I bring this up because as taxpayers and Social Security fund contributors, you have a reasonable expectation to receive benefit from your “investment”. But unless you plan to retire before 2030, the chances of receiving any benefit seems slim to none.
With that said, do you have any options for NOT contributing to the Social Security fund since you likely will not get any personal benefit?
The answer is a resounding, “YES!”
From my research, I can find 3 options:
- As an Amish, Mennonite, or Anabaptist member, you can file IRS form 4029 and become exempt from all social security tax
- As a Minister, Member of a Religious Order, or Christian Science Practitioner, you can file IRS form 4361 and become exempt from all social security tax
- Or if you live overseas, qualify for the Foreign Earned Income Exclusion (FEIE), and are employed by a foreign corporation, you are exempt from social security tax
Best I can tell, option 1 requires a lot of work and a legitimate association with one of the mentioned religious groups. If you are like me, this is not a good option.
Option 2 seems a bit easier since practically anyone can become an ordained minister these days, but I don’t think I am interested in joining the ranks of the Christian Science Practitioners.
That leaves us with option 3.
And considering the added benefit of living, working and traveling the world – I’d say this is an ideal solution.
In 2015 if you qualify for the FEIE, you can earn $100,800, tax free. In order to qualify for the FEIE, you must either;
- Be physically out of the US 330 days in a 12 month period; or
- Be a bonafide resident of another country
In addition to the $100,800 in tax free income, you can also get a housing deduction that averages about $50,000 per year (varies based on country – see IRS form 2555 instructions for breakdown by country).

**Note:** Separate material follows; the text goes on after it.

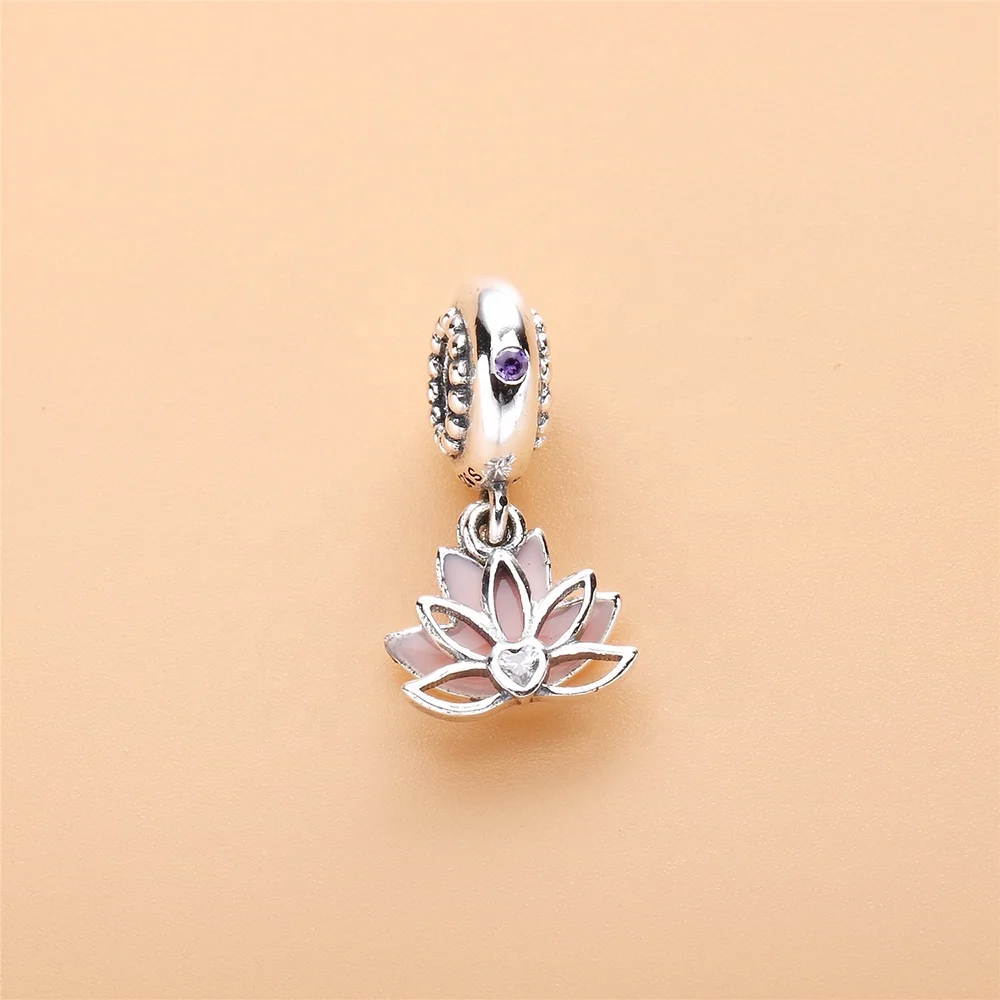 925 Sterling Silver Lucky Pink Lotus Flower Charms Beads For Famous Brand Bracelet Silver Charms flower heart necklace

The problem is that if you are just self-employed, you would still owe 15.3% in self-employment tax on your income up to $118,500 (for 2015).
So based on the average housing deduction of $50,000, you can earn $150,800 income tax free. But you would owe $18,130.50 in self-employment tax on the first $118,500.
In order to avoid this, your income must not be self-employed, but instead come as a salary from a foreign corporation.
For example if you form an Anguillan IBC with an offshore bank account, you can receive 100% of your earned income from your client base and pay yourself the max tax free salary as director of $150,800.
By doing this you can avoid the self-employment tax as well as income tax. If you earn greater than $150,800, you can leave it in your Anguillan IBC tax deferred.
For those of you living overseas or spending a significant amount of time traveling, this could save you a ton of money.